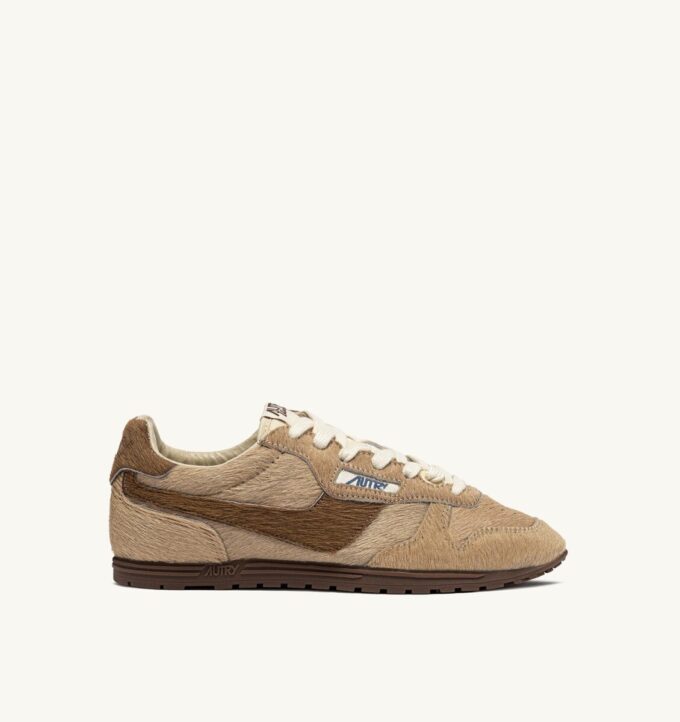 WINDSPIN SNEAKER IN BEIGE UND BRAUN MIT PONYHAAR-EFFEKT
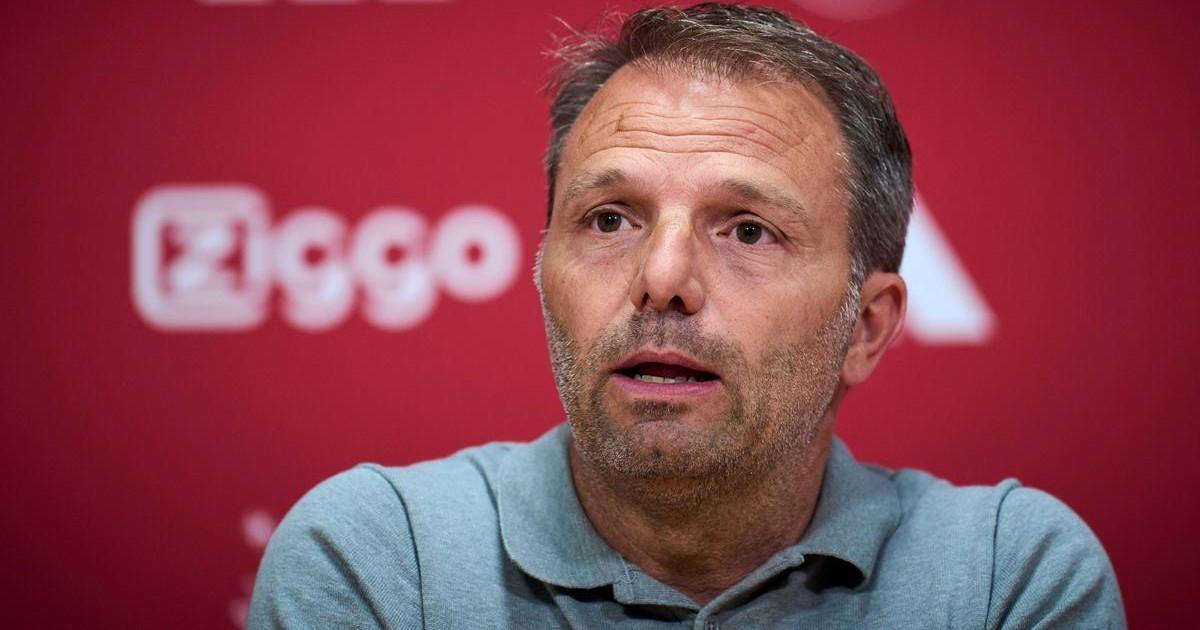 Ajax destituyó a su entrenador tras caer en zona de descenso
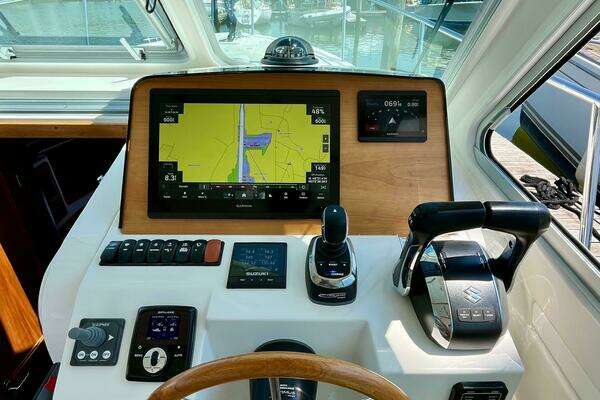 Back Cove  Yacht For Sale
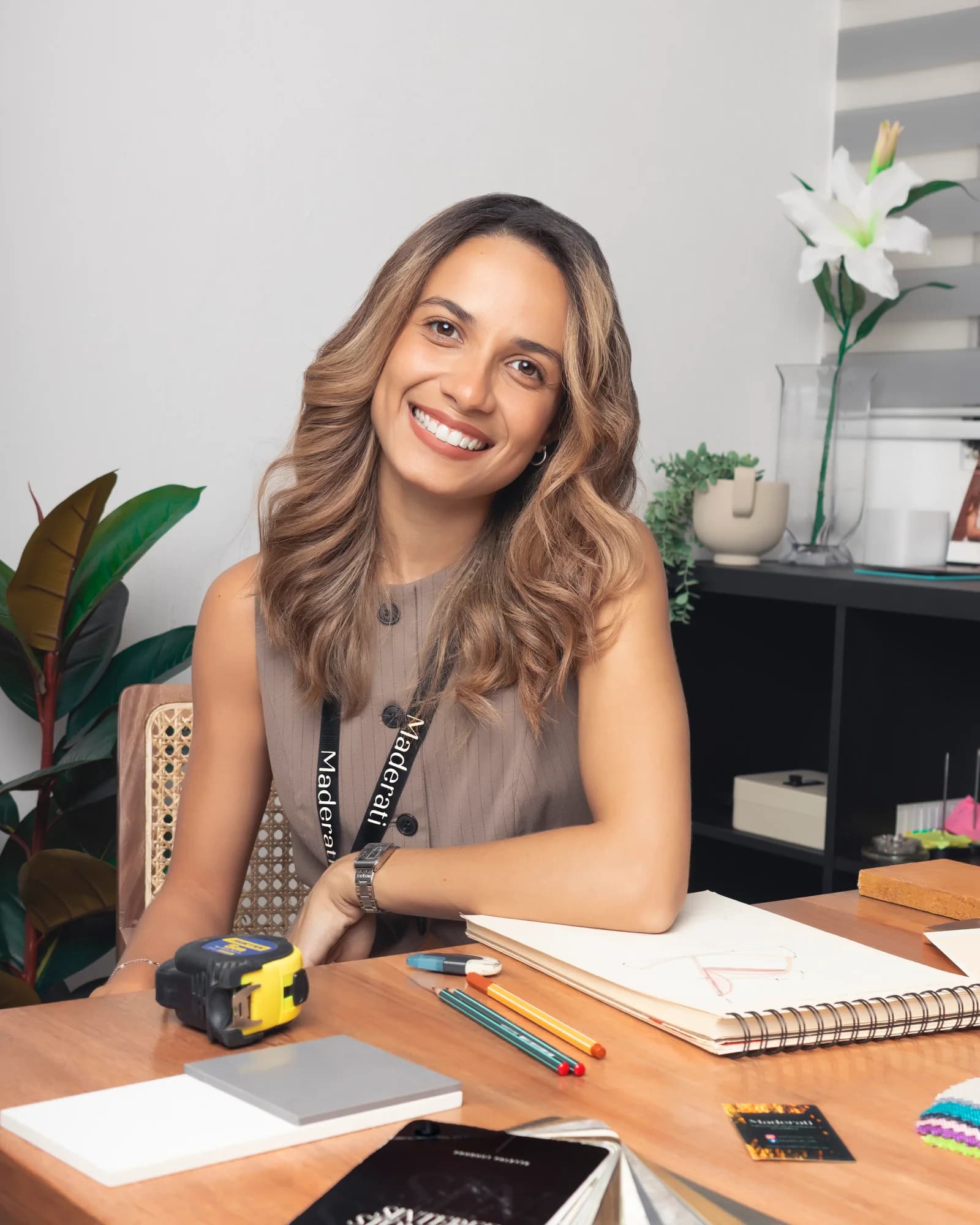 Pamela De Angelis junto a bocetos durante el proceso de diseño.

> YOUR GOAL
Every line above should be transcribed exactly, though no image should be carried over.

> RESULT BELOW
 WINDSPIN SNEAKER IN BEIGE UND BRAUN MIT PONYHAAR-EFFEKT
 Ajax destituyó a su entrenador tras caer en zona de descenso
 Back Cove  Yacht For Sale
 Pamela De Angelis junto a bocetos durante el proceso de diseño.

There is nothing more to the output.